The last time a bond referendum for a new Public Safety Facility was put to a vote in Dallas County, it was supported by 52.01 percent of voters, falling short of the 60 percent needed to approve such a facility.
Talks of starting plans on a new Public Safety Building bond referendum started again at the Dallas County Board of Supervisors Meeting on Tuesday, May 31.
The Iowa Department of Corrections inspected the Dallas County Jail on May 17 and sent a letter with the report to the County Supervisors on May 20. The report concluded that the current jail is an old facility that is not adequate to meet the needs of the prisoners, staff or the public.
One problem that was noted on the inspection letter was that plumbing issues that were addressed during previous inspections were not fixed and that they should be promptly addressed.
Dallas County Sheriff Chad Leonard said that the plumbing problems they are talking about is some rust that is on the pipes in the maintenance room at the facility.

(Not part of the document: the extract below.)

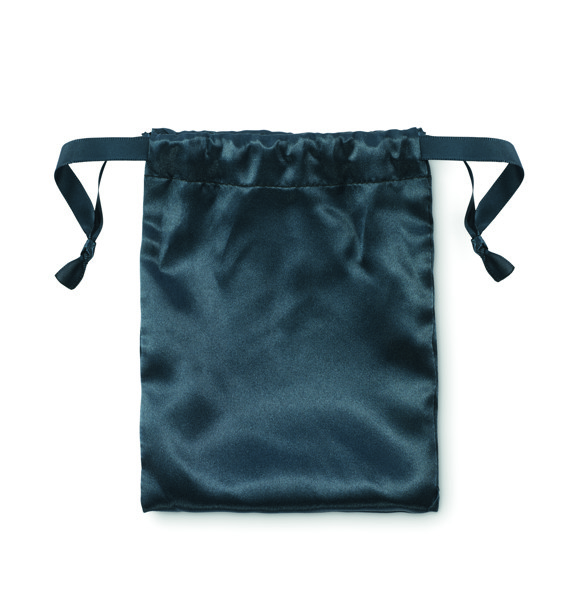 Masque oculaire en polyester Sleepy - Gris Pierre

"So it’s just how far do we want to take it and fix this?" said Leonard. "If the County’s going to continue to pursue a new facility, that’s why we haven’t brought it to you (the Supervisors) and asked you to replace some of the pipes and some of the electrical conduit that’s coming out the floor."

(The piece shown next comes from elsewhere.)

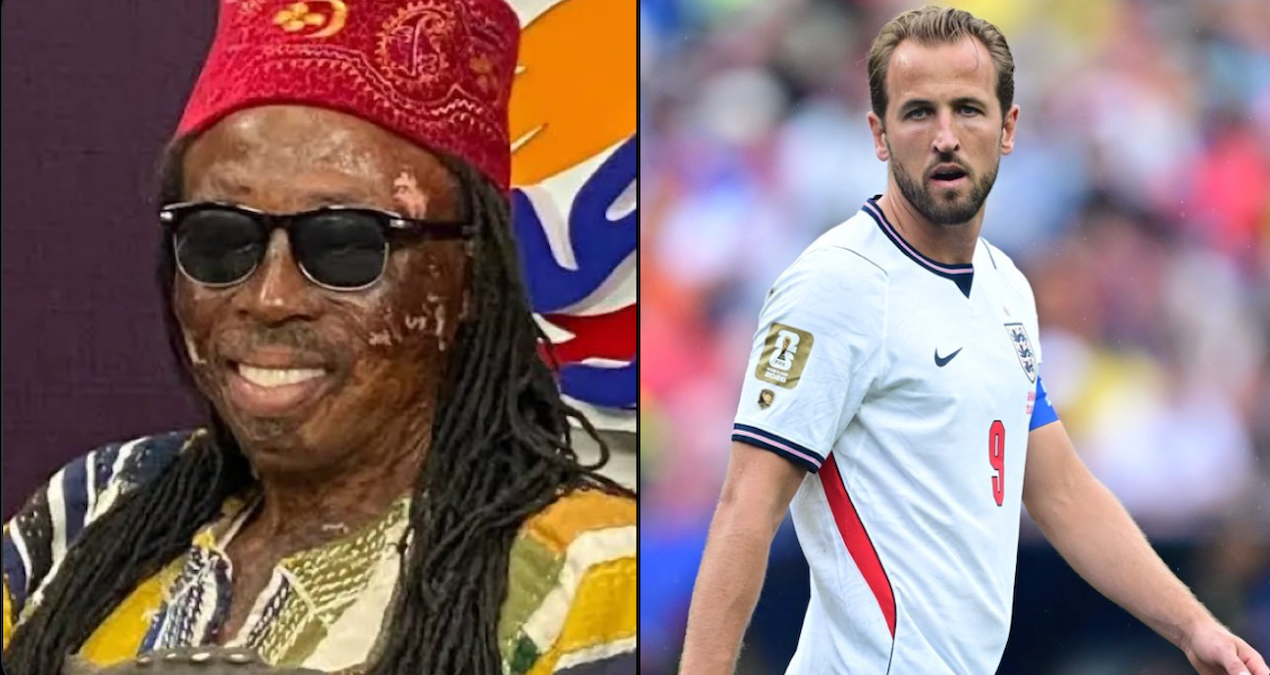 He lifted the spell, Harry Kane put on a show! Ghanaian shaman leaves his mark on the World Cup - Last Minute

Leonard also mentioned that in March, 2018 they are set to lose 12 beds from the facility, which are random throughout the jail and could reduce the inmate capacity by 16-18 people.
A 12-bed variance was given to the Dallas County Jail in 2000 to give them time to make arrangements for the overcrowding in the jail and 16 years later, those arrangements have still not been made despite it being put to a vote in a variety of ways the last couple of years.
The Dallas County Sheriff’s Department already has to house prisoners in other jail facilities in nearby counties at a daily cost due to a low capacity at the Dallas County Jail.
"I’m not sure what the statistics are today, how many we have in Story County (jail) but we’ve had as many as 36 I think over in Story at one time if I recall so it’s getting worse," said Leonard. "It’s not getting any better."
Chairman of the board Mark Hanson mentioned that they still have one inmate that they are housing in Coralville at $400 per day.
Leonard said that while the State Jail Inspector has the right to shut down the Dallas County Jail, he doesn’t think that would happen but would have to continue to pay the "ungodly" amount of money to other jails to house their prisoners.
Representatives from The Samuels Group, commercial construction contractors, were in attendance at the meeting to discuss their plan for addressing the needs of a new public safety facility and educating the public about the need for one.
The Samuels Group recently helped Clinton County get a similar public safety facility go to referendum and it was successful.
"So with the history that Dallas County has had trying to get a same-type of referendum passed over the last several months and specifically just recently after their successful endeavor with Clinton County, we’ve had discussions with them about potentially teaming up with them to help us do the same," said Rob Tietz, Dallas County operations director.
According to Sid Samuels, President and owner of The Samuels Group, the referendum in Clinton County passed with 74 percent.
"I think we did a lot of good things that I think can be incorporated into Dallas County," said Samuels.
Samuels said that their analysis will look at the costs of "doing nothing" — which would mean continuing to house inmates in other jails — and "doing something," which would mean building a new public safety facility.
Along with analyzing costs, The Samuels Group offers marketing and social media services to help educate the public about the proposed new facility and will act as the construction manager if the referendum were to pass.
No action was taken on whether or not to officially hire The Samuels Group at the meeting on Tuesday, but The Samuels Group plans to return to the Board of Supervisors with a more comprehensive list of what services they will offer along with costs to the County.